* What to produce
Below are the records; copy exactly the stretch from the line containing "xiaomi-blender-eu-bhr8936eu-akcija-cena" through the line containing "Chaussures Joma Flexys", both ends included, and nothing else.

* Information provided
● ● ● ●

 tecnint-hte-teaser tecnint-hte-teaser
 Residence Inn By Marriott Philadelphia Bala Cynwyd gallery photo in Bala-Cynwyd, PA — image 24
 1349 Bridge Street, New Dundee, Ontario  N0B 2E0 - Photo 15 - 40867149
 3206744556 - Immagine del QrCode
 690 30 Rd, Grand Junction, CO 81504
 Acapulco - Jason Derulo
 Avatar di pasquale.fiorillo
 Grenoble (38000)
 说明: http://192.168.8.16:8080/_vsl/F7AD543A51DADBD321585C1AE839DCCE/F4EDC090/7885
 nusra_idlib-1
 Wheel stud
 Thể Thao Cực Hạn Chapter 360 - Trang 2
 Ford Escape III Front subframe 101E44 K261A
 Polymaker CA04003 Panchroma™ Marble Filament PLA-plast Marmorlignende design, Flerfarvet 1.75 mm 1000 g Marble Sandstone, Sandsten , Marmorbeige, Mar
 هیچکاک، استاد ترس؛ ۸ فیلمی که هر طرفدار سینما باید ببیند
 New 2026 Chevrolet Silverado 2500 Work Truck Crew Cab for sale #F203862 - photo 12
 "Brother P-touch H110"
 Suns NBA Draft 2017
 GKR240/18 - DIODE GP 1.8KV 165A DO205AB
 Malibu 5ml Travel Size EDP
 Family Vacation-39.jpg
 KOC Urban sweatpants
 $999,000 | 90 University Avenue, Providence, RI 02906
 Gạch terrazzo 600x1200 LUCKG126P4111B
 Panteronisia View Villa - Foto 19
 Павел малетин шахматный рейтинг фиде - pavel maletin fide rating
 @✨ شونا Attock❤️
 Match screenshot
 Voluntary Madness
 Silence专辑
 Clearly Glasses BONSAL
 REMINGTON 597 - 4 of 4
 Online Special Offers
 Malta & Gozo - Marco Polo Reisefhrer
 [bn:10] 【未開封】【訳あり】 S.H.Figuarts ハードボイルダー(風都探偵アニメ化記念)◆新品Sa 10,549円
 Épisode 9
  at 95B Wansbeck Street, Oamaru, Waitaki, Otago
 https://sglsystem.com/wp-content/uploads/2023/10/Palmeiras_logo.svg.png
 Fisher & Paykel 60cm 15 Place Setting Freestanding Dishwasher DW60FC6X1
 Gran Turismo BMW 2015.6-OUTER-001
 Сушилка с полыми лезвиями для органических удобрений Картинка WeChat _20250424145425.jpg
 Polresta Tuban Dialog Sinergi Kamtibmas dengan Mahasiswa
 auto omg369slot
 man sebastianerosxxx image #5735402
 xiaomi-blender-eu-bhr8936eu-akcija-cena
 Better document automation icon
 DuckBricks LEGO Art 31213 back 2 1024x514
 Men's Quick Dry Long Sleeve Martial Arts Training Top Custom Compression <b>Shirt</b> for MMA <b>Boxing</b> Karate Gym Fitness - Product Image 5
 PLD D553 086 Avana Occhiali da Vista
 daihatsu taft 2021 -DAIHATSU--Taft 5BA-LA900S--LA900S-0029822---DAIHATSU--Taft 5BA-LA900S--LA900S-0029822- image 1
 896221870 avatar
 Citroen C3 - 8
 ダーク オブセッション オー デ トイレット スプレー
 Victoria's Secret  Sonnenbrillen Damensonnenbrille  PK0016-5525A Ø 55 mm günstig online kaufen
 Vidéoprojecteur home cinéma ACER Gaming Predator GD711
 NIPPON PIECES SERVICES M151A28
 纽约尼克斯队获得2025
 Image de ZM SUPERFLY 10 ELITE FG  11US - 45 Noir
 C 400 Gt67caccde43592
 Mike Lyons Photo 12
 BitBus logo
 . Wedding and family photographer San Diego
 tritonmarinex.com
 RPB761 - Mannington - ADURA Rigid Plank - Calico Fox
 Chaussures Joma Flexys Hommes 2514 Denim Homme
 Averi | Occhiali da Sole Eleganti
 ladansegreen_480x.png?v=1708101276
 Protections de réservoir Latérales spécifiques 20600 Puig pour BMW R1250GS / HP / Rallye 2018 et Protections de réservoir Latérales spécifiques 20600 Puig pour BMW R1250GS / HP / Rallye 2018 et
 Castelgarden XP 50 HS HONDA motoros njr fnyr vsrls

● ● ● ●

* Response to the task
 xiaomi-blender-eu-bhr8936eu-akcija-cena
 Better document automation icon
 DuckBricks LEGO Art 31213 back 2 1024x514
 Men's Quick Dry Long Sleeve Martial Arts Training Top Custom Compression <b>Shirt</b> for MMA <b>Boxing</b> Karate Gym Fitness - Product Image 5
 PLD D553 086 Avana Occhiali da Vista
 daihatsu taft 2021 -DAIHATSU--Taft 5BA-LA900S--LA900S-0029822---DAIHATSU--Taft 5BA-LA900S--LA900S-0029822- image 1
 896221870 avatar
 Citroen C3 - 8
 ダーク オブセッション オー デ トイレット スプレー
 Victoria's Secret  Sonnenbrillen Damensonnenbrille  PK0016-5525A Ø 55 mm günstig online kaufen
 Vidéoprojecteur home cinéma ACER Gaming Predator GD711
 NIPPON PIECES SERVICES M151A28
 纽约尼克斯队获得2025
 Image de ZM SUPERFLY 10 ELITE FG  11US - 45 Noir
 C 400 Gt67caccde43592
 Mike Lyons Photo 12
 BitBus logo
 . Wedding and family photographer San Diego
 tritonmarinex.com
 RPB761 - Mannington - ADURA Rigid Plank - Calico Fox
 Chaussures Joma Flexys Hommes 2514 Denim Homme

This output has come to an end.